San Marcos 7,31-37: Oír y decir a Cristo

Autor: Padre Juan Sánchez Trujillo

 

 

Y Se marchó de la región de Tiro y vino de nuevo, por Sidón, al mar de Galilea, atravesando la Decápolis. Le presentan un sordo que, además, hablaba con dificultad, y le ruegan imponga la mano sobre él. El, apartándole de la gente, a solas, le metió sus dedos en los oídos y con su saliva le tocó la lengua. Y, levantando los ojos al cielo, dio un gemido, y le dijo: Effatá, que quiere decir: ¡Ábrete! Se abrieron sus oídos y, al instante, se soltó la atadura de su lengua y hablaba correctamente. Jesús les mandó que a nadie se lo contaran. Pero cuanto más se lo prohibía, tanto más ellos lo publicaban. Y se maravillaban sobremanera y decían «Todo lo ha hecho bien; hace oír a los sordos y hablar a los mudos.» Marcos 7, 31-37

Alguien ha escrito que el hombre actual, a pesar de tantos medios de comunicación, es un hombre incomunicado y sordo. Un hombre que ni importa riquezas ajenas, ni exporta valores propios. Que ni escucha preocupaciones extrañas, ni habla vivencias entrañables. Que ni recibe en su interior a los hermanos, ni se da a los hermanos. Un hombre, en definitiva, sordomudo.

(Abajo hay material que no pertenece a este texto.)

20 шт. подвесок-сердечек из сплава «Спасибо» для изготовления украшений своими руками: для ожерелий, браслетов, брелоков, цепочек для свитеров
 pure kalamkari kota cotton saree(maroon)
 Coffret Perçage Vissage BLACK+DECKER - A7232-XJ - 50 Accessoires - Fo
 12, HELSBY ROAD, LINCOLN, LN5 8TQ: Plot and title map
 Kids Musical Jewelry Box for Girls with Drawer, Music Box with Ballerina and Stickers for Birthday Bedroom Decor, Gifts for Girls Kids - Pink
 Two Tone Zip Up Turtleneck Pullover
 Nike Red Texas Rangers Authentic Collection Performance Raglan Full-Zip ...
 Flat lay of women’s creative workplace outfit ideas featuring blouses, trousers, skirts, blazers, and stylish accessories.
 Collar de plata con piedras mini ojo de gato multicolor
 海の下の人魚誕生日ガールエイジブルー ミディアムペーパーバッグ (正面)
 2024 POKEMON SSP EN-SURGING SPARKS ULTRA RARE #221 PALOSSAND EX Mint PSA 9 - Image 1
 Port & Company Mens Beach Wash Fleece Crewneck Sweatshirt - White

Y el sordomudo es un hombre a punto de agonizar o, si se prefiere, apenas nacido. Un hombre o amortiguado o mortecino o muerto. Un hombre sin cosas que poder decir y sin posibilidades de decirse. Un hombre infantil, “infante”, sin voz, reducido a su silencio autista y auto-oyente, sin ecos fraternos poblando su interior y con la emisora de su espíritu cerrada a cal y canto. Un hombre-isla, aislado, sin nada que aprender y con todo por enseñar.

Un hombre producto de las prisas y de los ruidos, privado de tiempos espaciosos en los que hacer trasiego y trasvase de su alma con calma y gratuidad. Un hombre, a quien el orgullo le ha taponado los oídos ante la verdad proveniente de otros. A quien el miedo o la cobardía le han cerrado la boca en presencia del poderoso y del violento. O a quien la pereza y el egoísmo le han impedido poner en comunicación con los demás las propias vivencias y los propios pensamientos...

Y es precisamente a ese sordomudo a quien Cristo, Palabra de Dios, viene a quitar la sordera y el mutismo, y a posibilitarle comunicación y vida, Él que hace que los oídos del sordo se abran y que la lengua del mudo cante. Porque, cuando es Cristo quien mete sus dedos en nuestros oídos y con su saliva nos toca nuestra lengua, se reactualiza el mesianismo de Jesús y adquiere credibilidad la implantación de su Reinado. Es entonces cuando surge la nueva criatura, la nueva sociedad, creadas y recreadas en la audiencia de la Buena Noticia, convertidas en receptores oyentes y en transmisores proféticos de la Palabra que da vida, en medio de unos hombres tan bombardeados de medios de comunicación y tan estérilmente incomunicados, tan sensibles a captar mensajes frívolos y tan negados a hacer de su fe vergozante una fe confesada y pública.